Шейла не устраивала скандалов, не била посуду, не плакала. Она затаила злобу. Злоба поселилась в ней, с каждым днем разрастаясь все сильнее, как огромный спрут, опутывала ее нервы, печень, проникала в желудок и отравляла съеденную пищу. Злоба росла, а вместе с ней росла маленькая Элеонора, ее последний ребенок, ее цветок, на который она не давала упасть ни тени проблем и забот. Ее Элеонора была не такая, как они все, она была возвышенным существом высшего порядка. Это чувствовалось во всем: в ее плавных, неторопливых движениях, в изгибе ее тонких рук, когда они падали на клавиши фортепьяно, в изнеженности ее речей.

Шейла была уверена, что Элеонора никогда не повторит ее судьбу. Шейла рано вышла замуж, скиталась с мужем и маленькими детьми, терпела нужду и тяготы постоянных переездов, грубость этого человека, ее мужа, и получила за это предательство, обман, нож в спину.

Потом грянула революция с ее хаосом, неразберихой, отрицанием всего, что казалось раньше непреложной истиной. Хозяин вызвал его и сказал, что собирается уехать в Англию, предложил ехать вместе с ним. Лев и сам понимал, что оставаться в России рискованно.

Вечером он получил записку от Розы. Роза умоляла ехать в Англию, писала, что жить без него не может, что в Англии можно быстро разбогатеть.

Лев решился поговорить с Шейлой.

- Хозяин предлагает мне ехать с ним в Англию. Оставаться в России опасно. Посмотри, что происходит вокруг. Неизвестно, что будет дальше. Подумай о детях.

Как раз о детях Шейла и думала. Вернее, не обо всех, а о дочери. О ней, Элеоноре. Англия. Одно звено из цепи ее успеха выпадает. В мечтах о будущем Шейла стояла именно на сцене Большого зала Московской консерватории. Перспективы в Англии не просматривались. В Лондоне Шейла никогда не была, поэтому ей трудно было представить себе там блестящее будущее ее гениальной дочери.

Зачем он хочет ехать туда? Понятно, зачем. Не хочет разлучаться со своей Розой. Как бы не так, они никогда не будут вместе.

Наутро Шейла сказала мужу:

- Я все обдумала, Лев. Мы никуда не поедем. В Лондоне нет консерватории, соответствующей редкому таланту твоей дочери. Подумай об Элеоноре, Лев.

С тех пор Лев только и думал, что об Элеоноре. Элеоноре нужны были лучшие учителя по фортепьяно, лучшие ноты, новые платья, модные украшения. Элеонора всегда должна была блистать, сиять, она должна была быть лучшей во всем, и, прежде всего, конечно, в музыке.

Льву всегда казалось, что многочасовые упражнения за фортепьяно подорвут здоровье молодой девушки. Вместо того, чтобы двигаться, гулять, общаться со сверстниками, Элеонора, бледная, худая, по десять часов в день сидела за инструментом.

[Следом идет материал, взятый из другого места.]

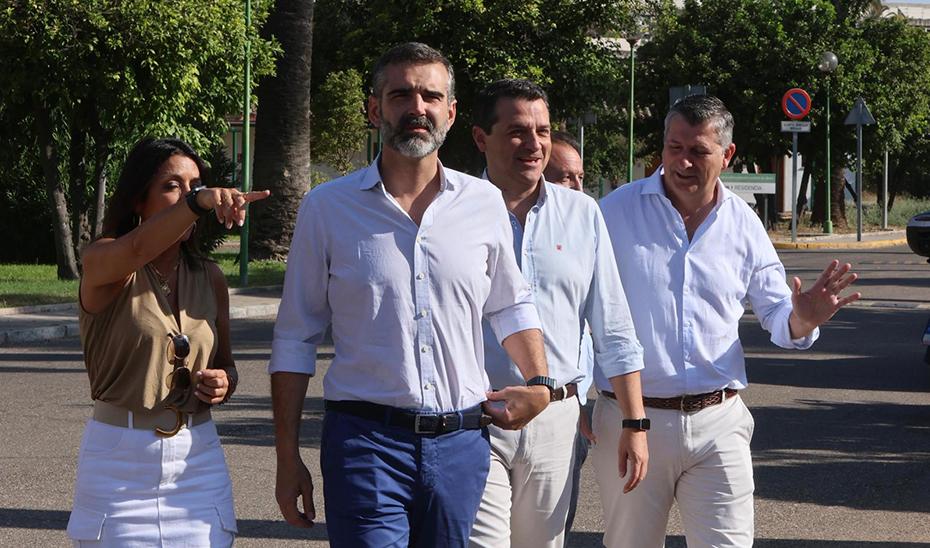 Fernández-Pacheco, durante su visita la Ifapa. - AI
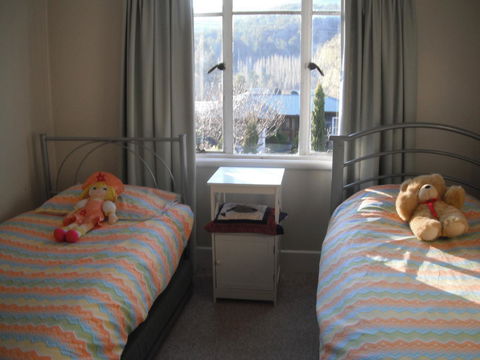 Maydena Chalet - Sydneys Hotel 13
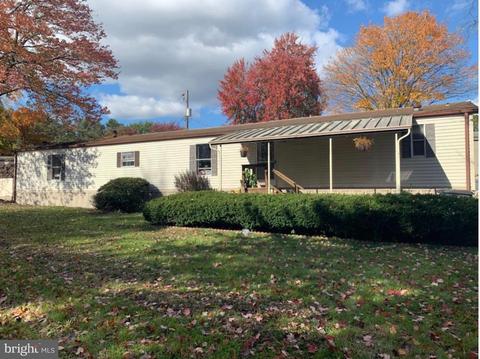 127 Weidler Ln, Lititz, PA 17543 photo 1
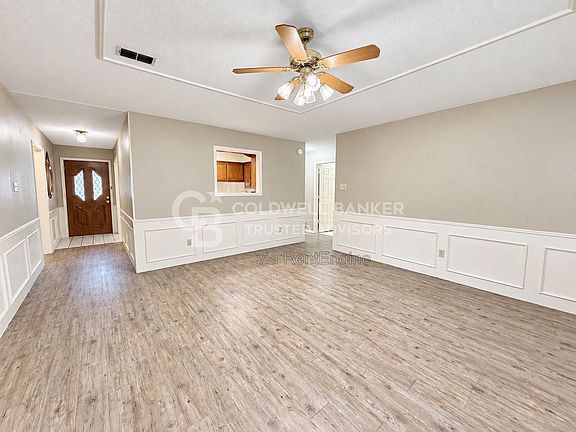 5th image of 5604 95th St
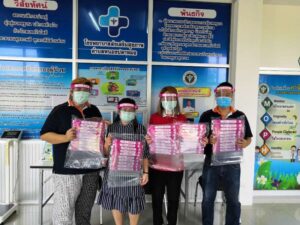 เราจะฝ่าวิกฤต COVID-19 ไปด้วยกัน! SPU จัดส่ง Face Shield ไปยังโรงพยาบาลส่งเสริมสุขภาพ ตำบลหนองปลาหมอ จ.สระบุรี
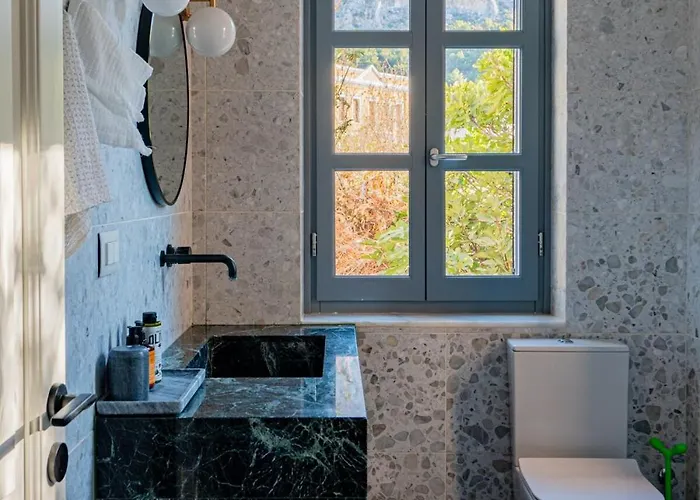 Stunning 4 Bedroom On Kastellorizo ماغيستي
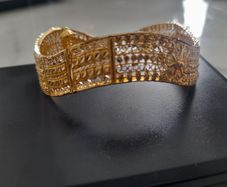 Intricate 18ct solid bangle
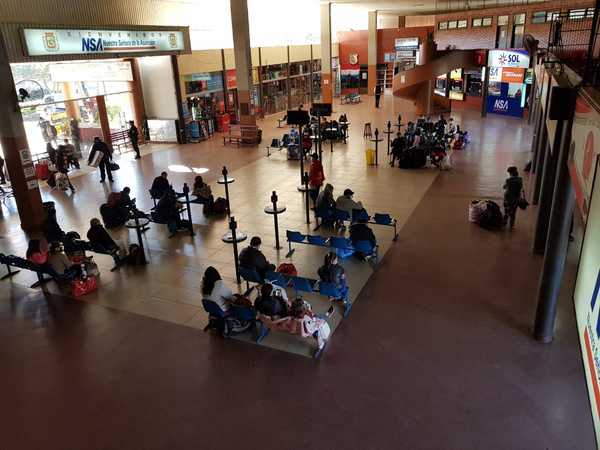 Importante cantidad de pasajeros en la Terminal de Ómnibus de Ciudad del Este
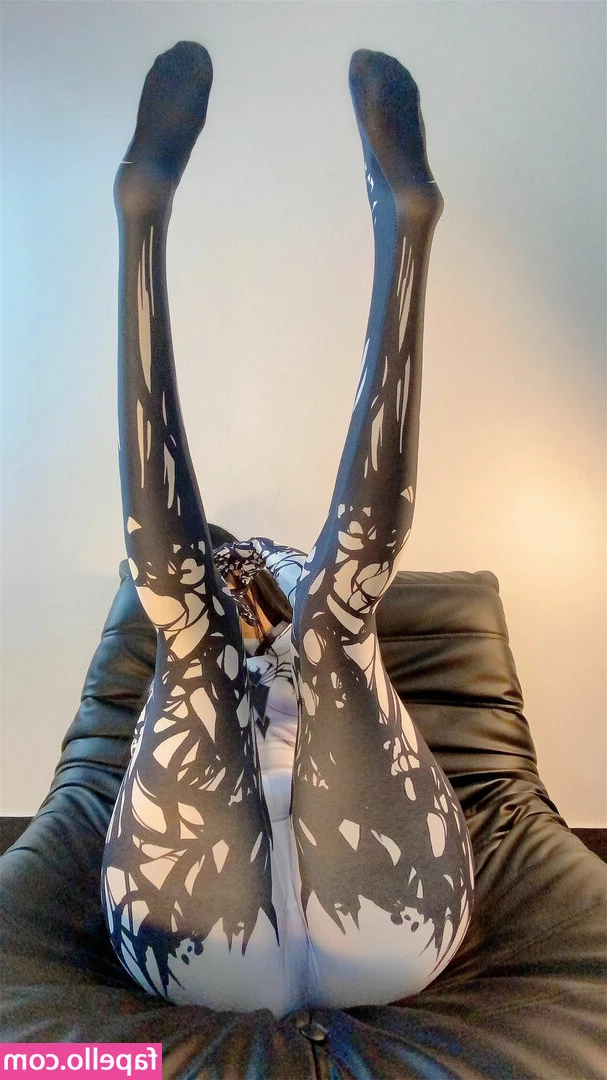 Qiaoniut - if you were here i’d wear the most sexiest lingerie and g-strings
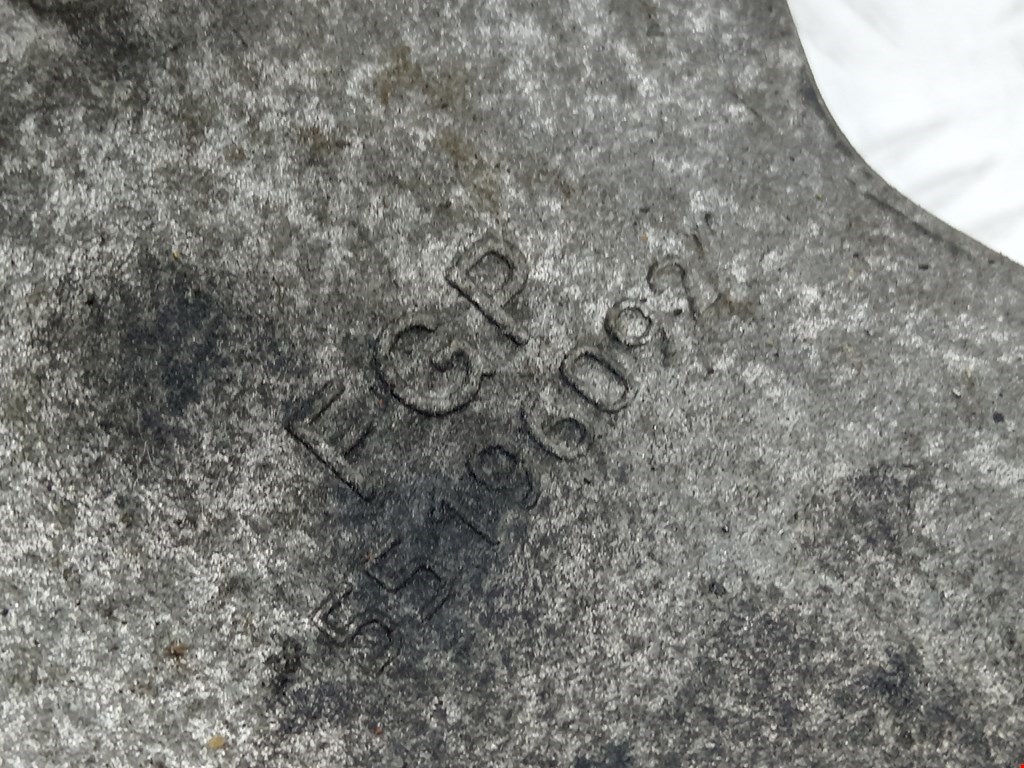 Кронштейн ТНВД OPEL Zafira B 2005-2012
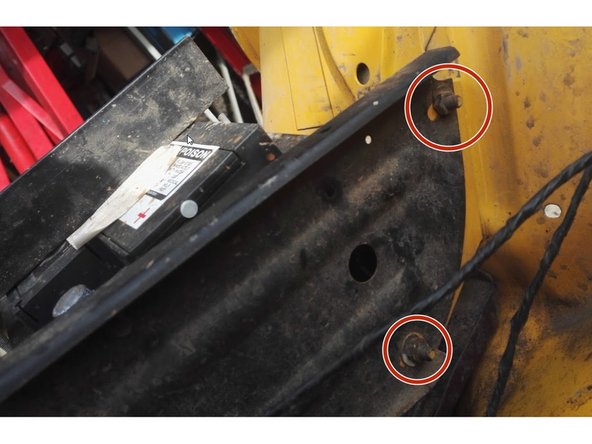 Dévisser les écrous de fixations restants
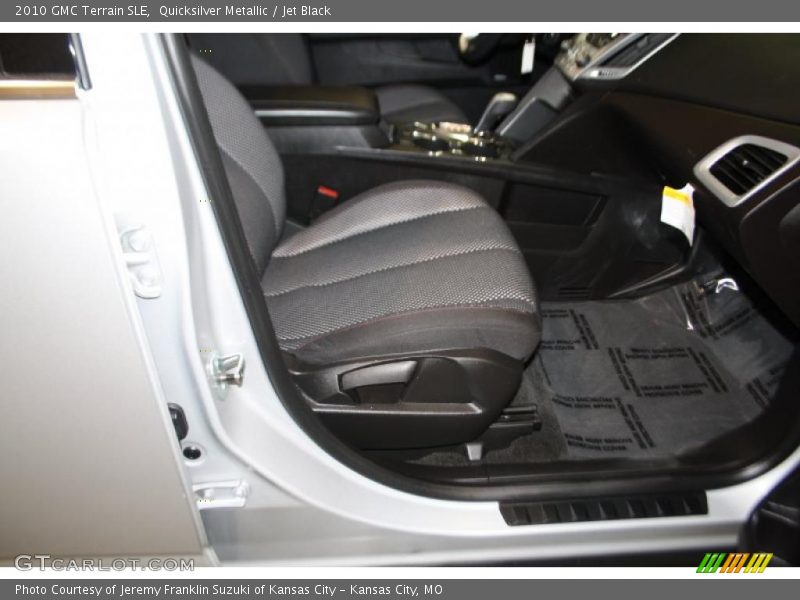 Quicksilver Metallic / Jet Black 2010 GMC Terrain SLE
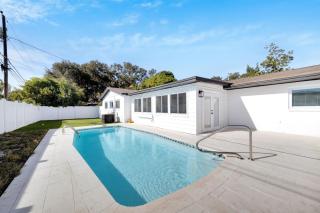 Coastal Oasis in Seminole: Heated Pool Paradise! - Seminole - 9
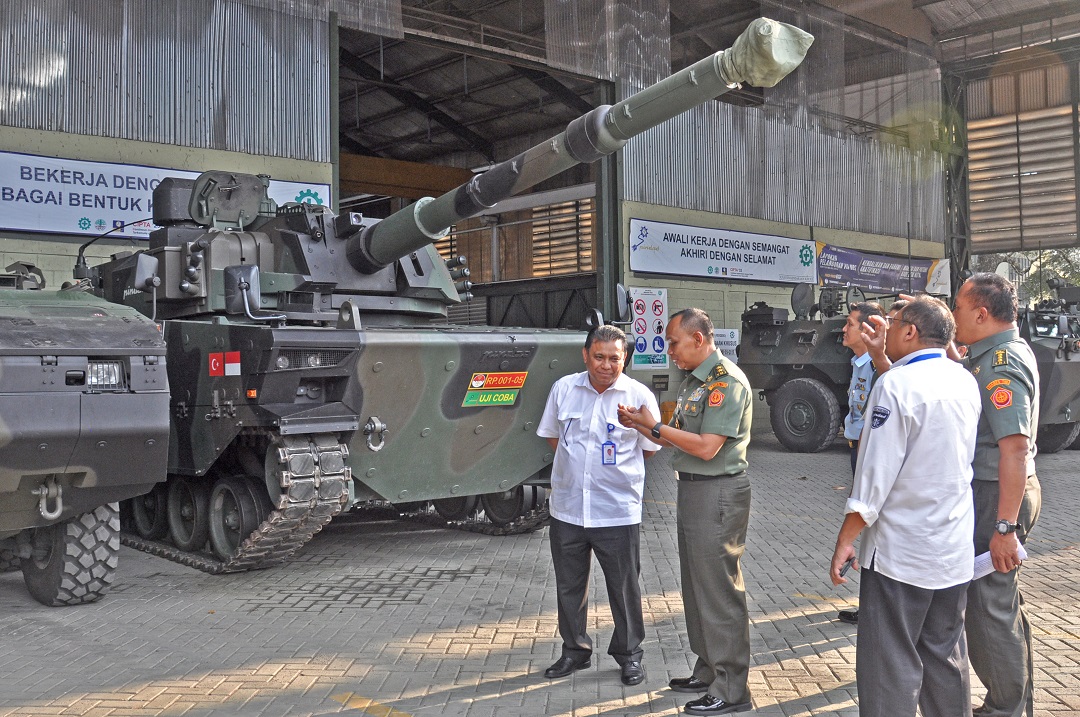 Kabaranahan Visit to Supervise Contracts between Indonesian Defence Ministry and PT. Pindad (Persero)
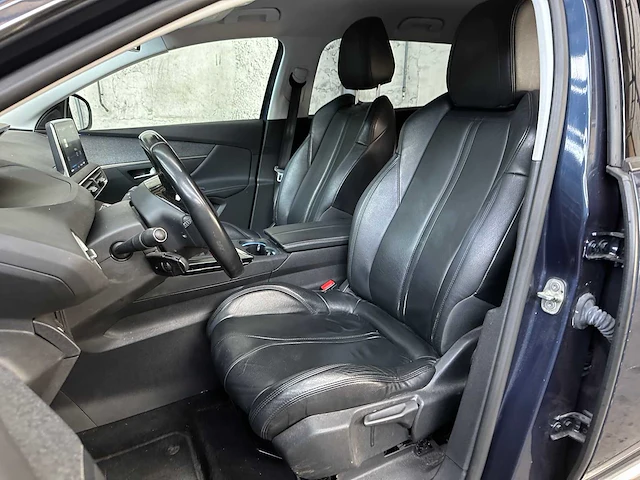Peugeot 5008 1.2 puretech allure 131pk 2019, xr-490-g - afbeelding 31 van  44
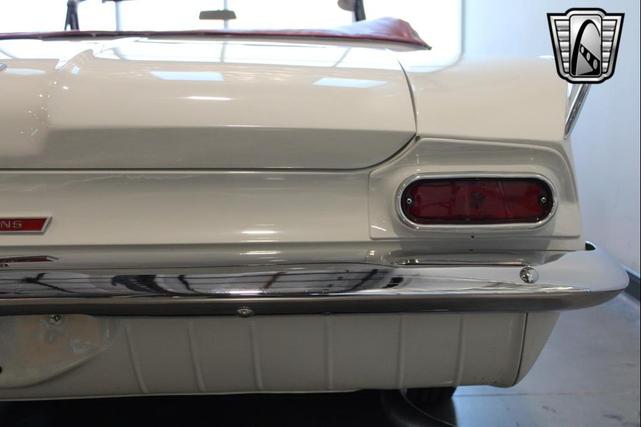 Photo of 1962 White Pontiac Tempest
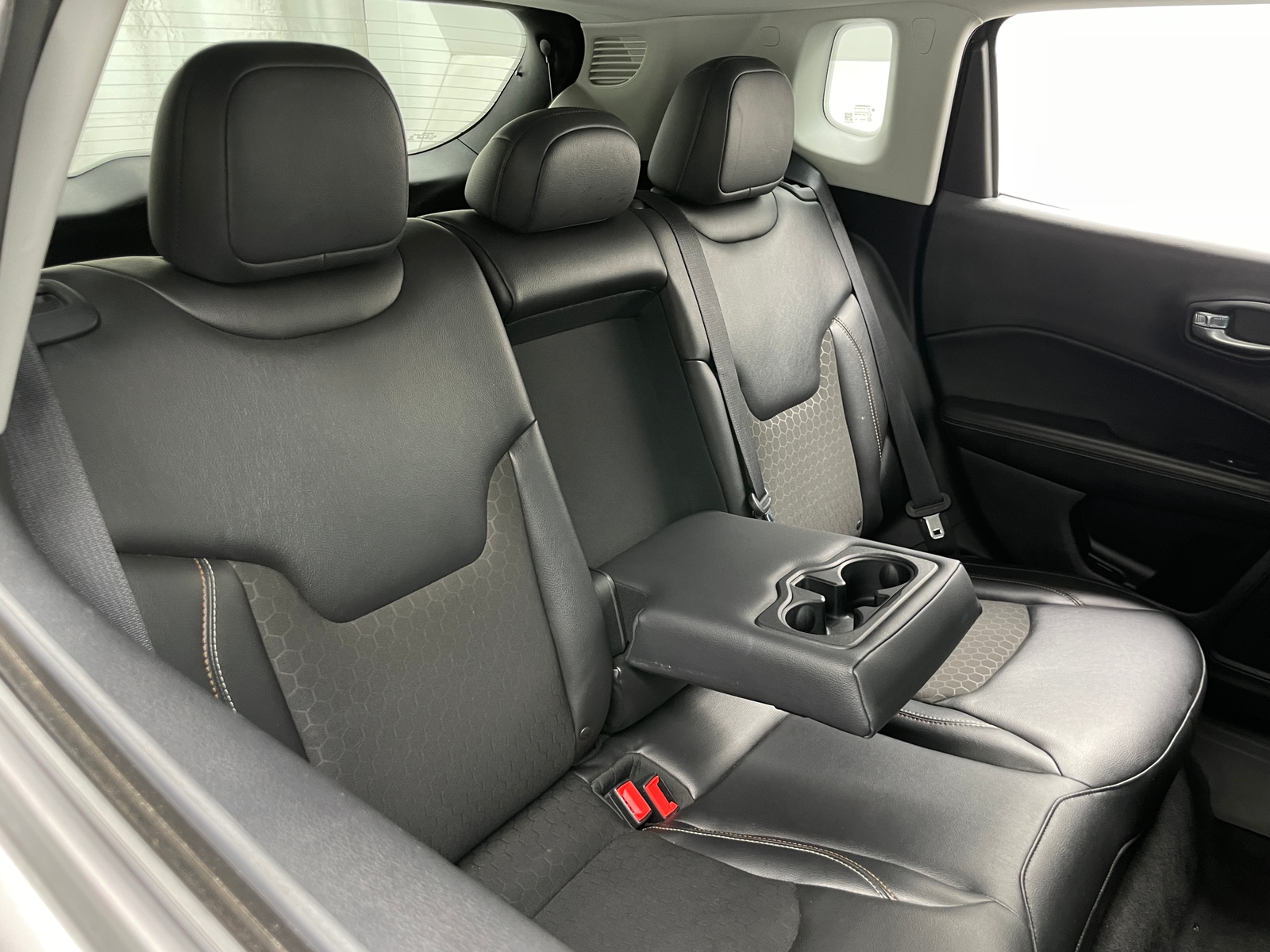 Thumbnail: 2018 Jeep Compass - 6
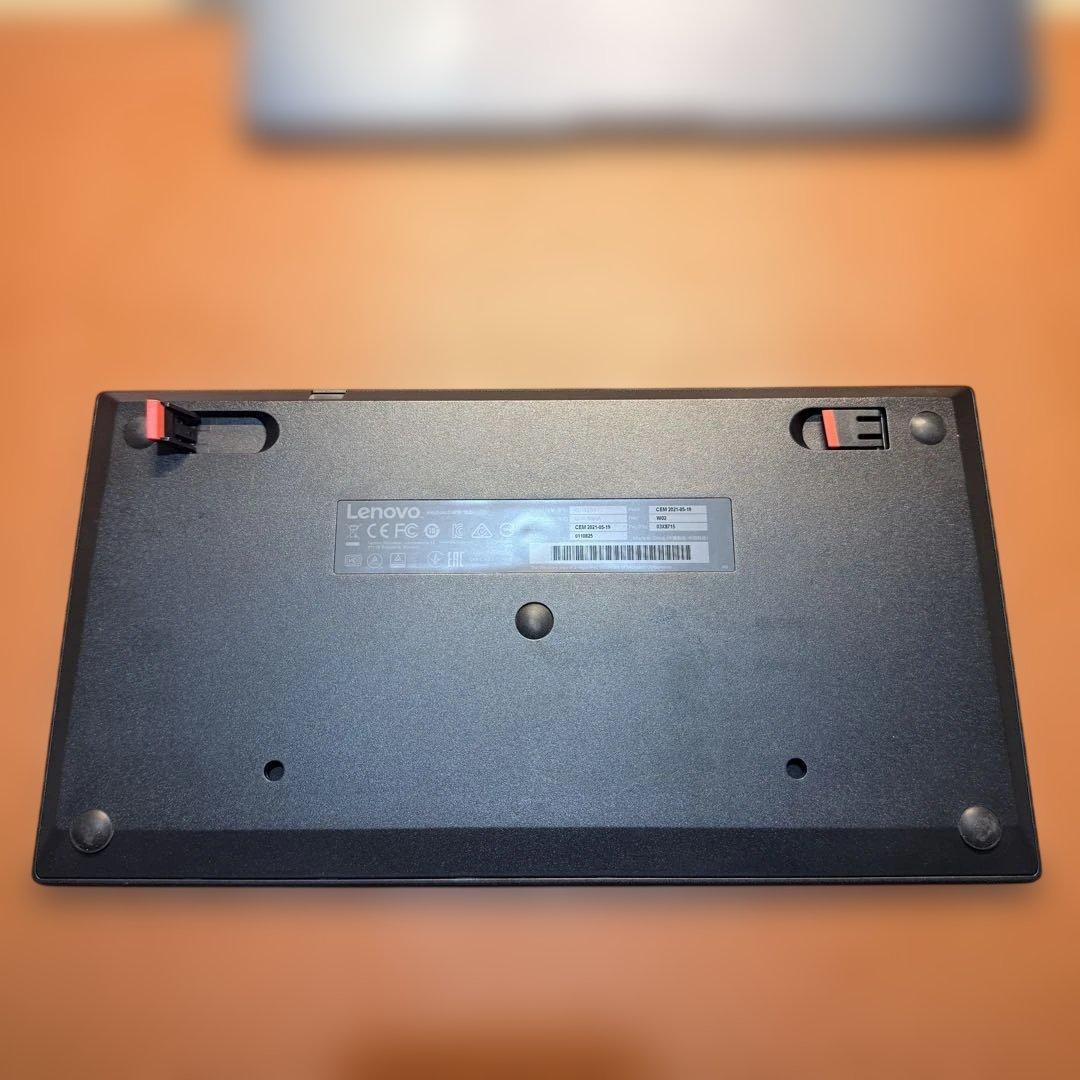 【美品】ThinkPad トラックポイント キーボード（US配列）KU-1255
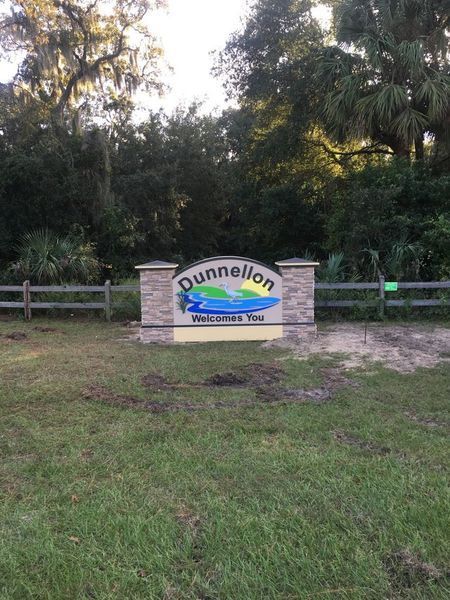 Sign for Dunnellon, Florida, with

Медленные аккорды, наполнявшие дом с утра до вечера, наводили на Льва невыносимую тоску. Лев объяснял это тем надрывом, который произошел у него в душе после отъезда Розы. Музыка, которая, казалось, должна была вдохновлять и радовать, у Элеоноры была не такой. Музыка Элеоноры была вымученной, тоскливой, это был плод не окрыляющего вдохновения, а каких-то титанических, неимоверных усилий, предпринимаемых усталой девушкой, запертой в душной комнате своей властной матерью.